Directions - Your response should consist of one number, the count of lines below that contain "will".

[Material provided Boundary: Start]

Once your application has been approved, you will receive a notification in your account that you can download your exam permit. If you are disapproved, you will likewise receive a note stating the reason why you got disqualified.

[Material provided Boundary: End]
[Material provided Boundary: Start]

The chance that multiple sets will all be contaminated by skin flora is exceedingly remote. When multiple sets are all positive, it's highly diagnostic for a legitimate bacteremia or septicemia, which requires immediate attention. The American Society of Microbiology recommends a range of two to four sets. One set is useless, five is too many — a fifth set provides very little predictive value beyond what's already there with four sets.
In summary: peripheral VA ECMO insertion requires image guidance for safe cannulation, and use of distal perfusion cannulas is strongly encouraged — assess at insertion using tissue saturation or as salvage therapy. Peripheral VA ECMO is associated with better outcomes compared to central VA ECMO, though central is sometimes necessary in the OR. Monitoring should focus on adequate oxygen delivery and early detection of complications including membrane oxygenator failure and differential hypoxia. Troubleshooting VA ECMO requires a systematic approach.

[Material provided Boundary: End]
[Material provided Boundary: Start]

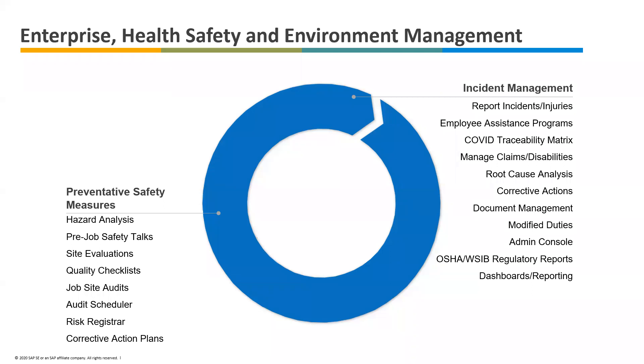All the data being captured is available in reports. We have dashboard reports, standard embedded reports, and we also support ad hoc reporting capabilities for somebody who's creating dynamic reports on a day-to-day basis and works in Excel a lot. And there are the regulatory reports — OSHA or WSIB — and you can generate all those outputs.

[Material provided Boundary: End]

Result for this exercise - 2